Data excerpts:
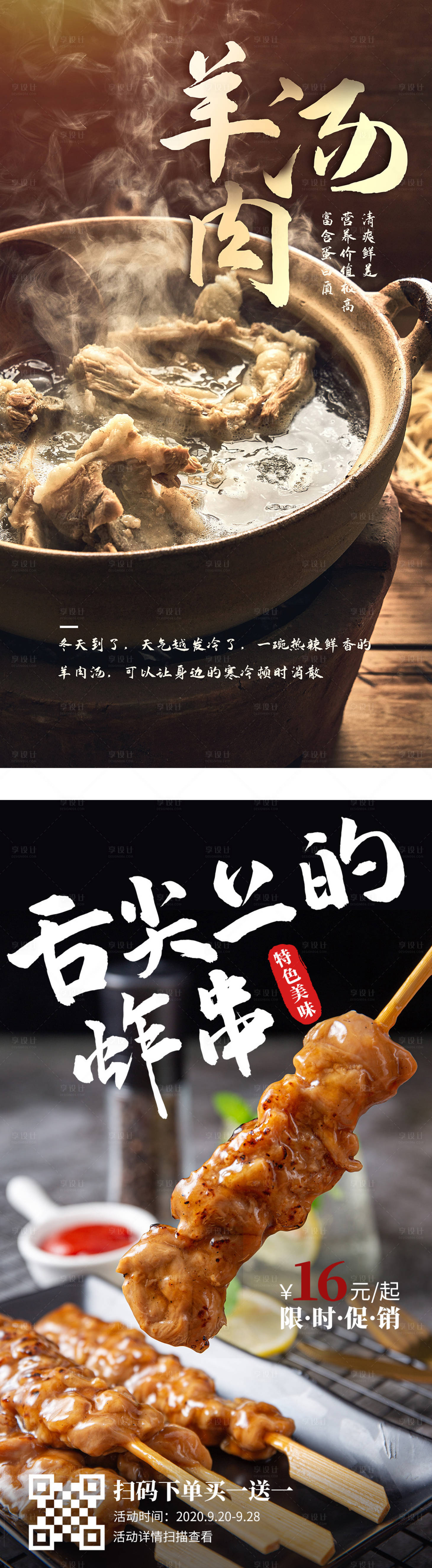 源文件下載【享設計】搜索編號：11780004404345246【羊肉湯烤串美食海報】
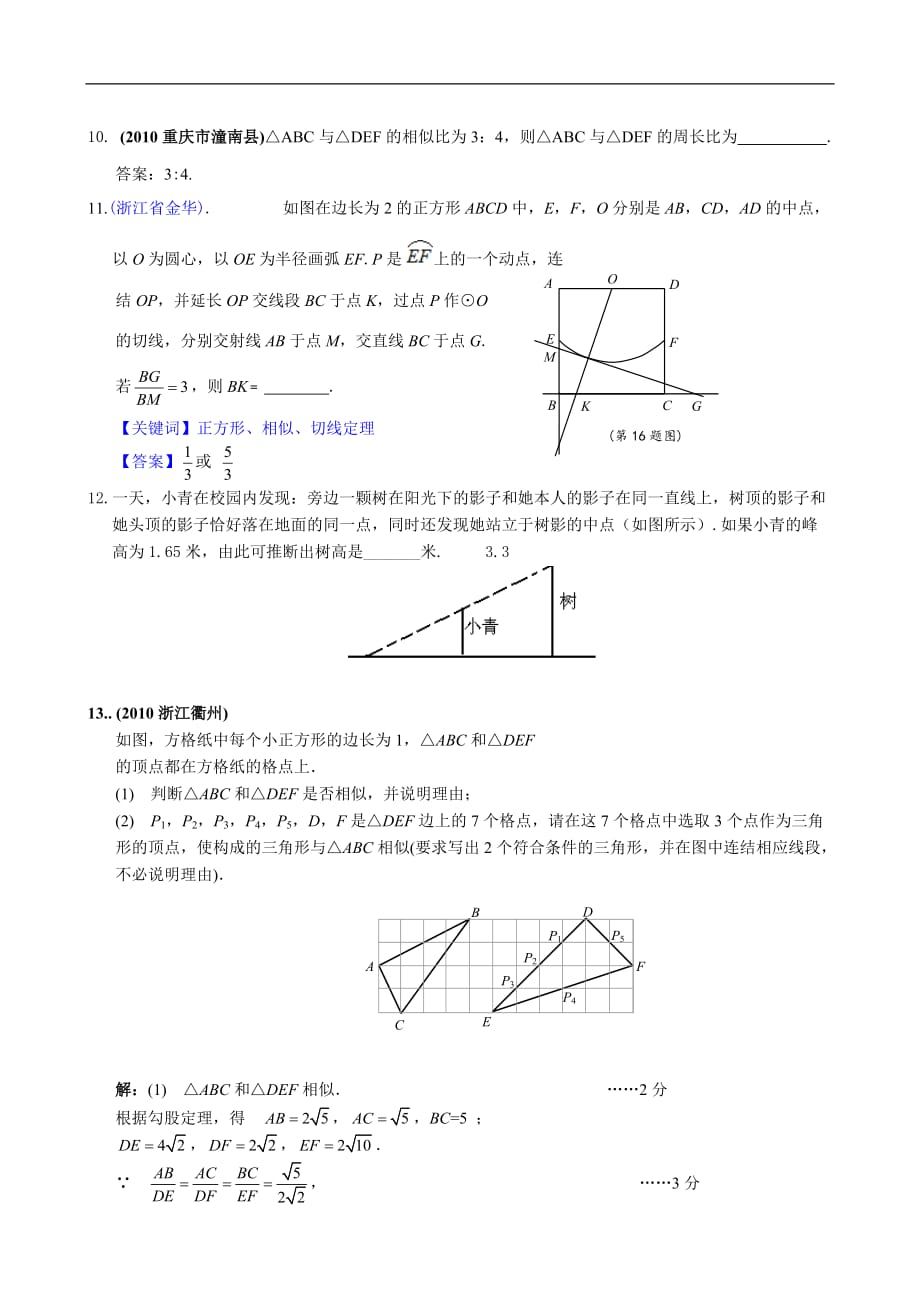 图形的相似与位似练习题_第3页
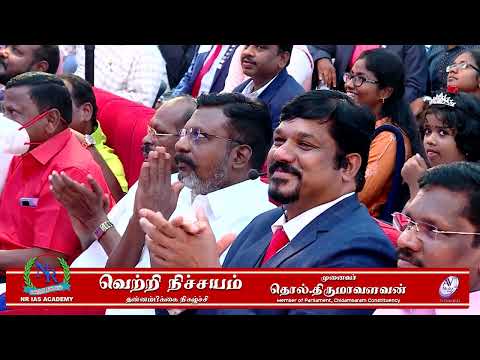 வெற்றி நிச்சயம் தன்னம்பிக்கை நிகழ்ச்சி சிறப்பு விருந்தினர் முனைவர் தொல்.திருமாவளவன் | Part - 01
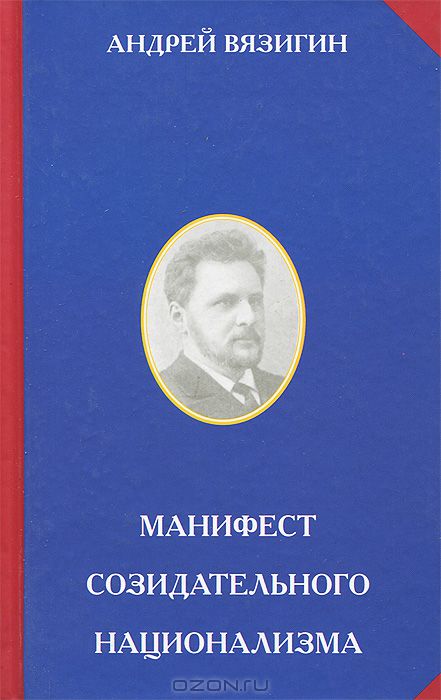 Национализм книги. Андрей Вязигин. Андрей Сергеевич Вязигин. Вязигин Андрей Сергеевич открытие. Вязигин Сергей Сергеевич.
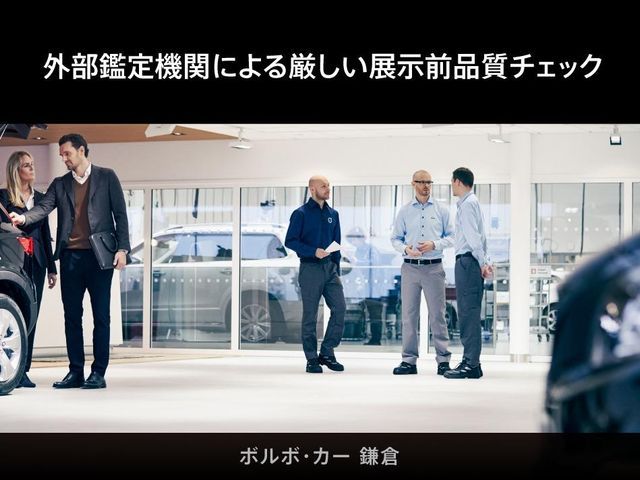 VOLVO VOLVO XC90 2021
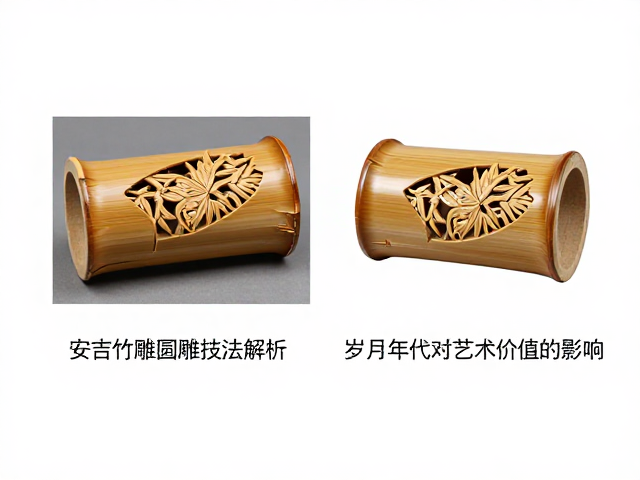 安吉竹雕圆雕技法解析,竹材年代对艺术价值的影响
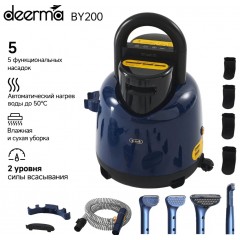 Пылесос Deerma DEM-BY200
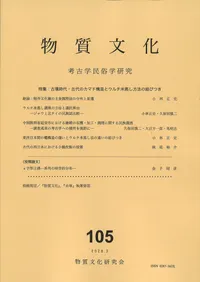 ʪ��ʸ����105���ý�:��ʯ���塦����Υ��ޥɹ�¤�ȥ�����ƾ�����ˡ�η�ӤĤ�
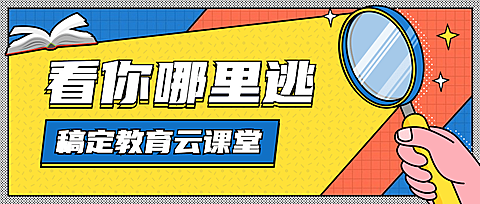 培训招生放大镜公众号首图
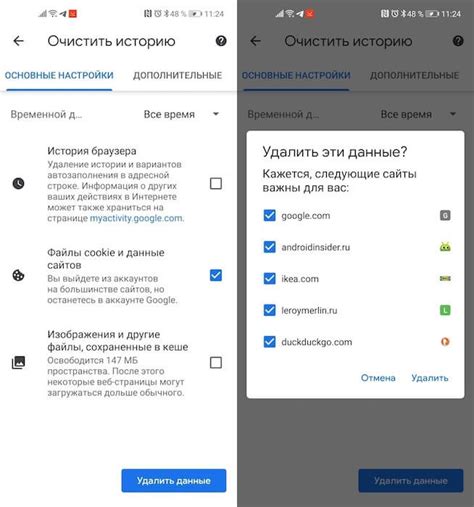 Как удалить куки на Honor Android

- [PROMPT] Go through the entries above and output them exactly, without pictures.

- [RESPONSE FOR THIS EXERCISE]
 源文件下載【享設計】搜索編號：11780004404345246【羊肉湯烤串美食海報】
 图形的相似与位似练习题_第3页
 வெற்றி நிச்சயம் தன்னம்பிக்கை நிகழ்ச்சி சிறப்பு விருந்தினர் முனைவர் தொல்.திருமாவளவன் | Part - 01
 Национализм книги. Андрей Вязигин. Андрей Сергеевич Вязигин. Вязигин Андрей Сергеевич открытие. Вязигин Сергей Сергеевич.
 VOLVO VOLVO XC90 2021
 安吉竹雕圆雕技法解析,竹材年代对艺术价值的影响
 Пылесос Deerma DEM-BY200
 ʪ��ʸ����105���ý�:��ʯ���塦����Υ��ޥɹ�¤�ȥ�����ƾ�����ˡ�η�ӤĤ�
 培训招生放大镜公众号首图
 Как удалить куки на Honor Android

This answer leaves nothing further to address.